Унаследовав от Елизаветы престол, новый король старался также унаследовать елизаветинскую доктрину. Он утверждал, что по линии своего предка Генриха VII Тюдора является потомком короля Артура, и это использовалось при прославлении союза Шотландии и Англии, достигнутого благодаря его восшествию на оба престола. В качестве правителя объединенной Британии Яков ощущал себя новым Артуром. На деле же существовали глубокие расхождения между тюдоровской религиозно-рыцарской имперской доктриной королевы-девственницы и идеологией Якова. Елизаветинская модель предполагала установление порядка и мира, опирающихся на рыцарские религиозные традиции. А притязания Якова были связаны с его пониманием прав Божьего помазанника, гораздо более ограниченным, чем полное божественное благословение, якобы данное Тюдорам.[33] Идеалом и ориентиром для Якова была внутренняя политика испанского и французского королей.

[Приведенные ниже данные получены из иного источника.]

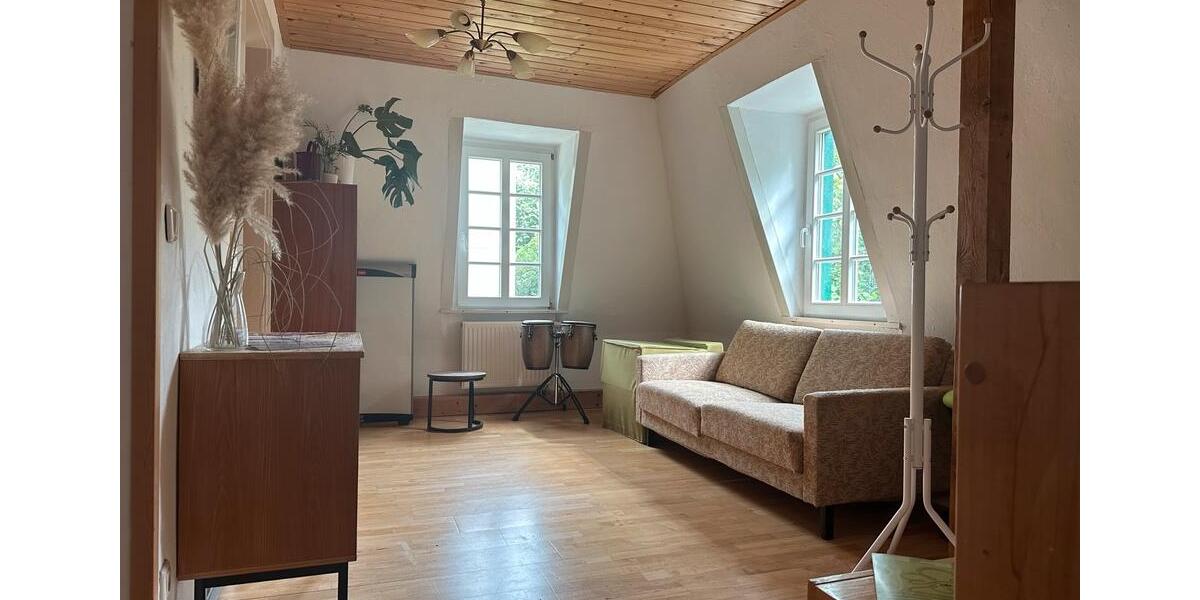 Peaxisraum für Therapie Beratung und Coaching zimmer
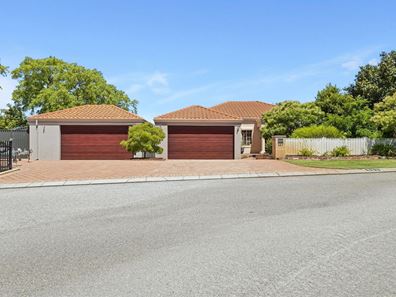 127 Fantail Crescent, Ellenbrook WA 6069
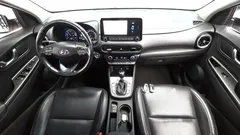 2022 Hyundai Kona Modern, белый — фото 7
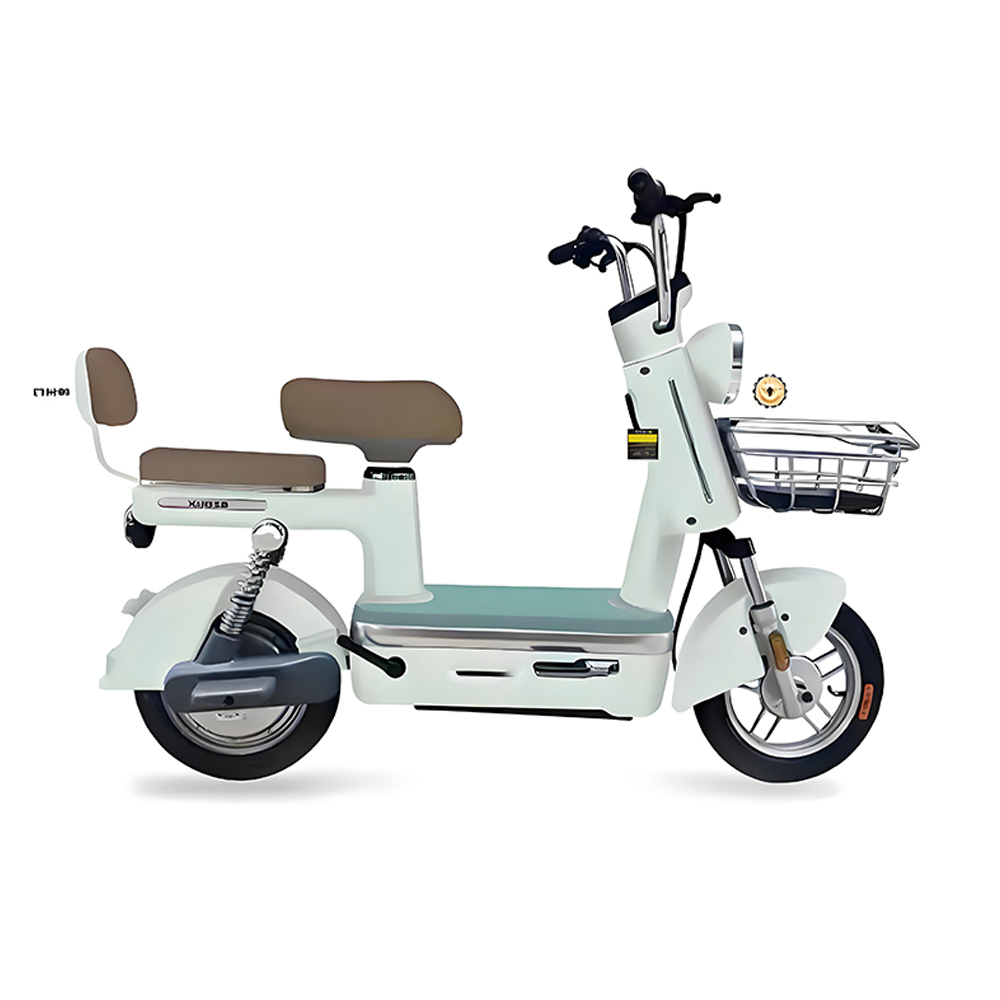 EEC DT3 E-BIKE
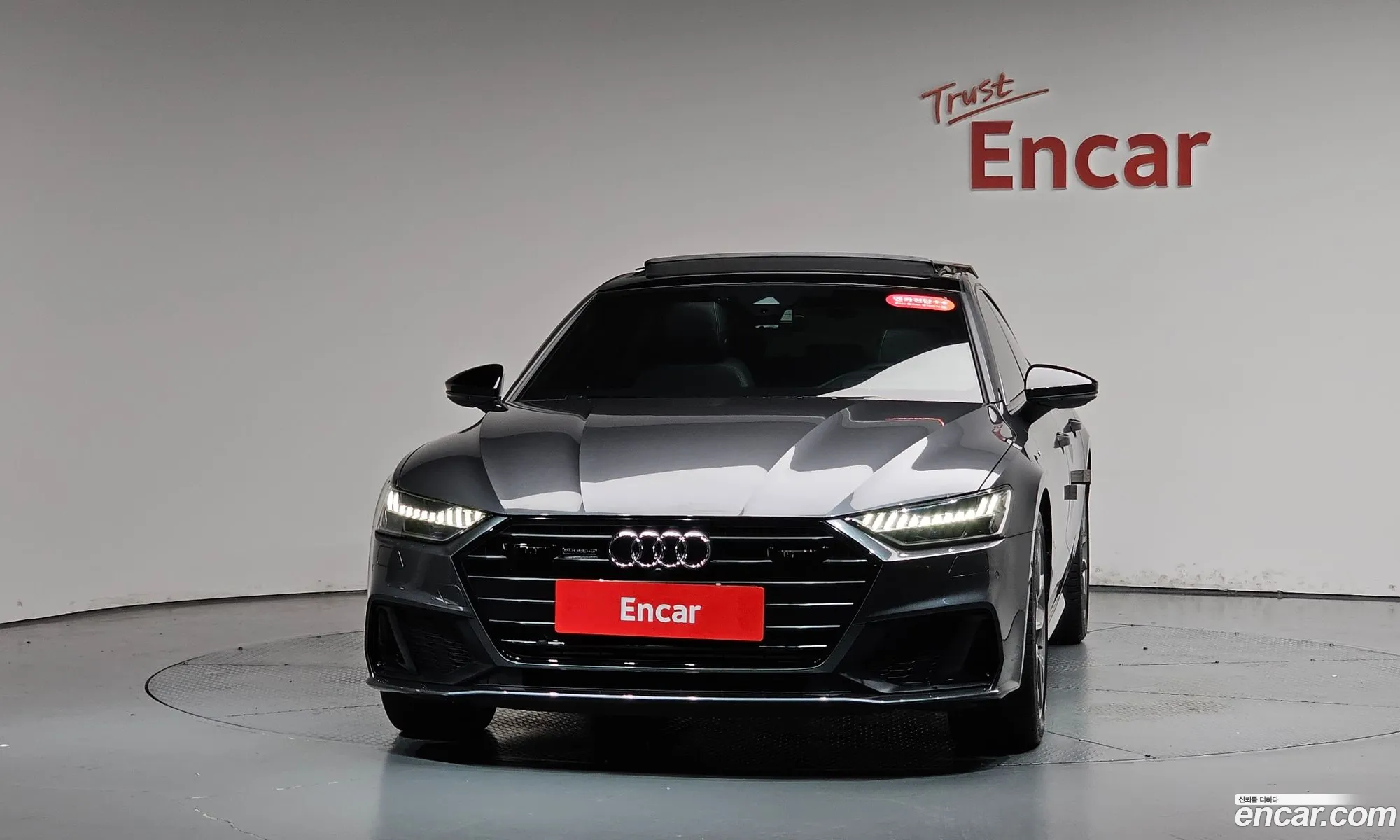 Audi A7 2022 WAUZZZF20NN043948 — 14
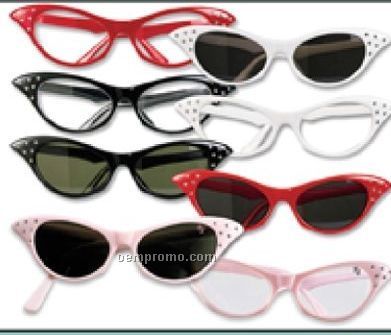 Retro Cat's Eye glasses Retro Cat's Eye glasses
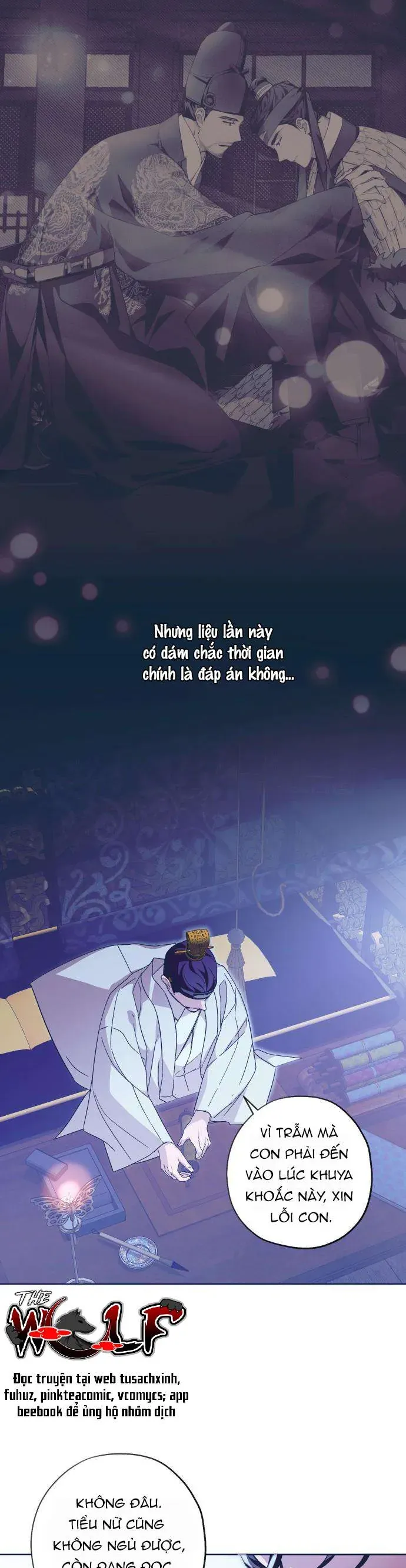 Dabi Hương Vị Ngây Ngất [Chap 3-85]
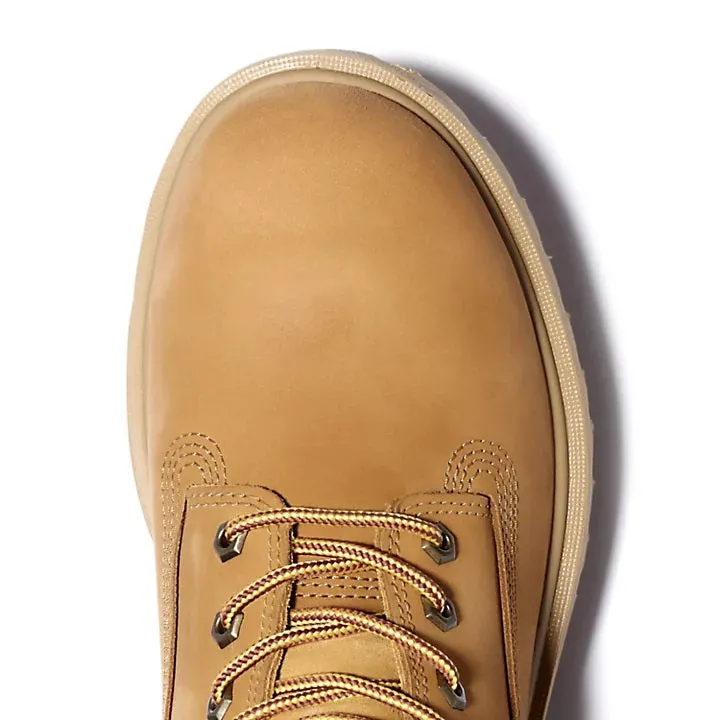 TIMBERLAND PRO Men's Direct Attach 6 Inch Soft Toe Insulation TB065030713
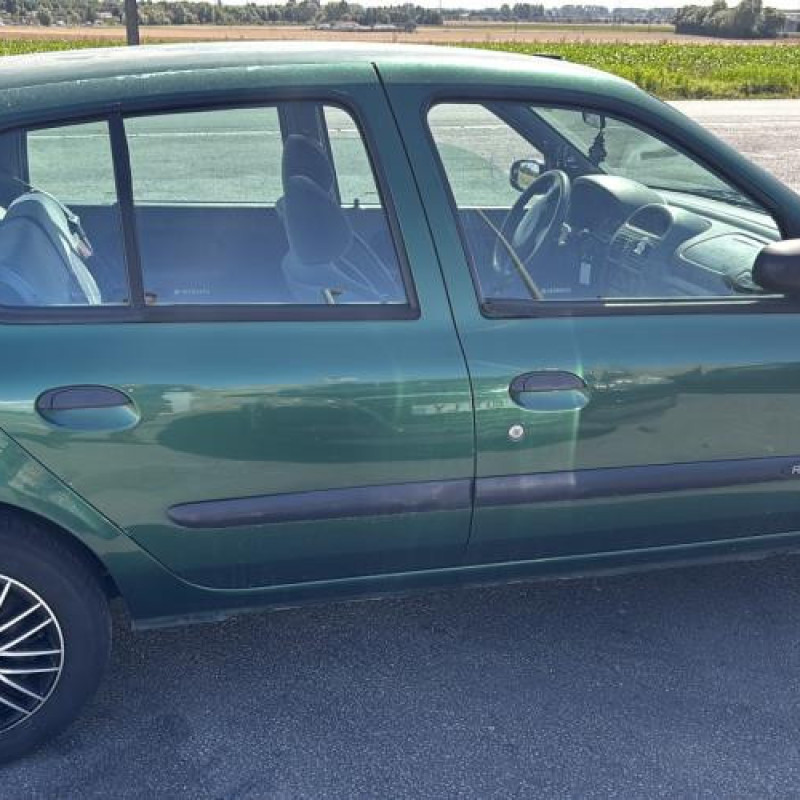 Berceau avant RENAULT CLIO 2 Photo n°7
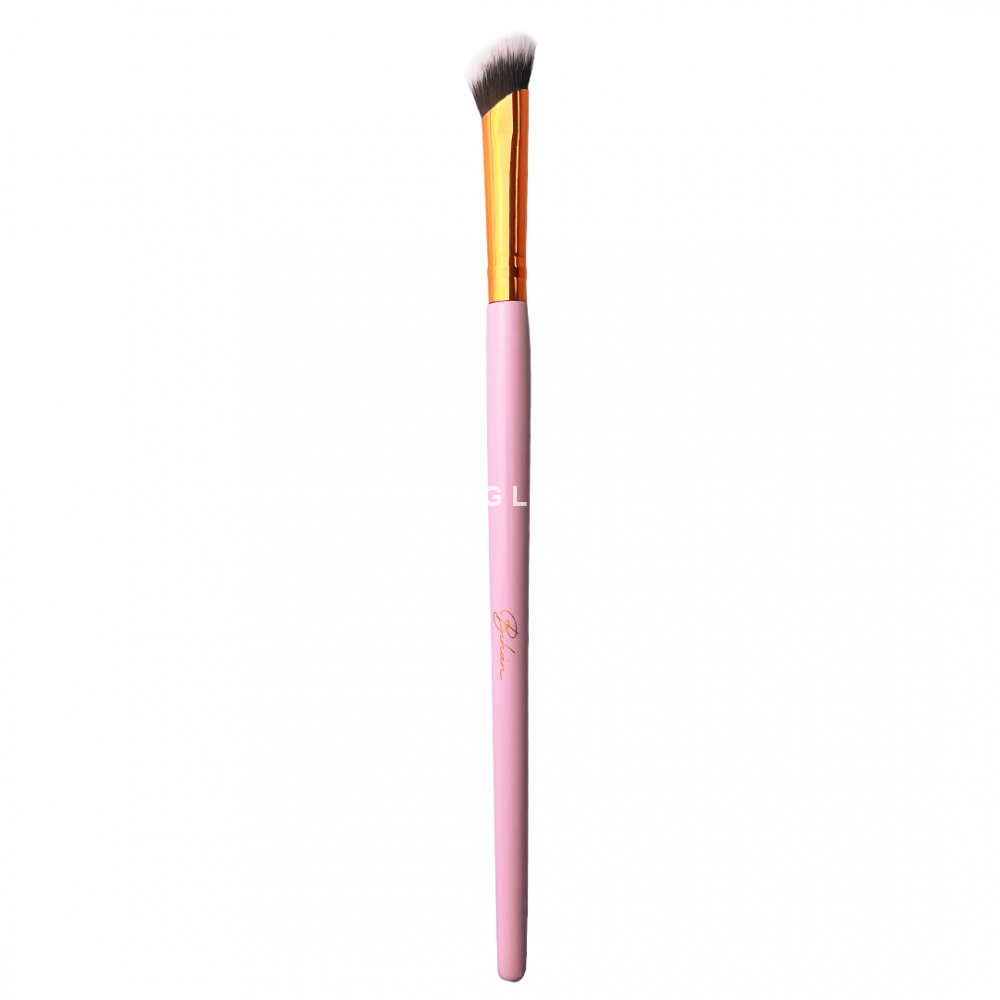 BIHAN GIRLY MAKEUP CONTOUR BRUSH!!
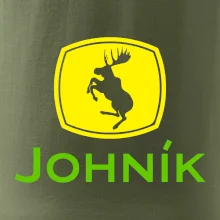 Johník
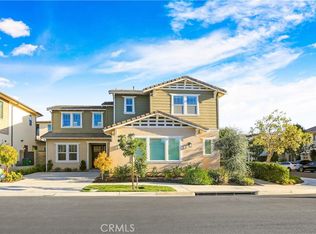 80 Crater, Irvine, CA 92618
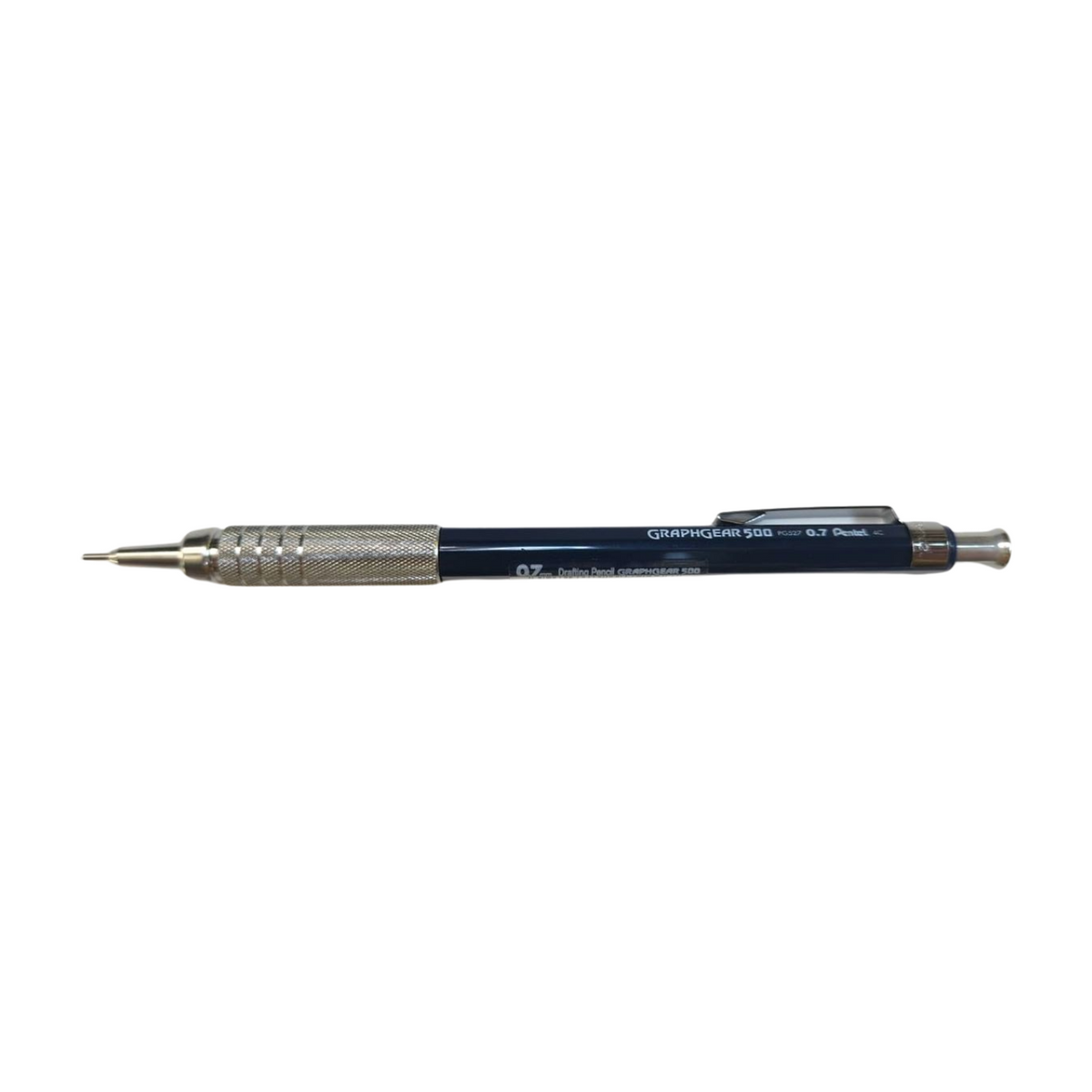 Lapicero Profesional Graphgear 500 Pentel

Как и его работы, в которых обосновывалась теория божественного права королей, первая речь нового монарха в парламенте открыла его истинные намерения. Поначалу Яков I провел разницу между истинным королем и тираном-узурпатором, отметив, что «гордый и амбициозный тиран… желает удовлетворять только свои аппетиты. Справедливый король, наоборот, существует для обеспечения здоровья и процветания своего народа… Ваше благосостояние — моя величайшая забота и обязанность». Затем, опираясь на версию идеального государства у Платона, английский король отметил: «Я голова и правитель в моем королевстве, а мои подданные являются его телом. По логике, голова должна управлять телом, а не тело головой. Поэтому справедливый король управляет своим народом, а не народ королем». На заседании парламента в 1610 году он пошел еще дальше: «Даже самим Богом короли зовутся богами, потому что призваны исполнять Его (Бога) власть на земле». Неудивительно, что точку зрения Якова оспаривали, опираясь на то, что ограниченная монархия была традиционной формой английского общества. Юрист общего права и автор трактата «Об английском государстве» Томас Смит писал, что король Англии «имеет полную власть только в решении вопросов войны и мира», а все остальные государственные дела монарх должен осуществлять с согласия парламента. Сэр Роджер Твизден, автор «Кентских древностей», считал, что абсолютная монархия — относительно недавняя инновация и что нет королей, которых нельзя было бы ограничить.[34]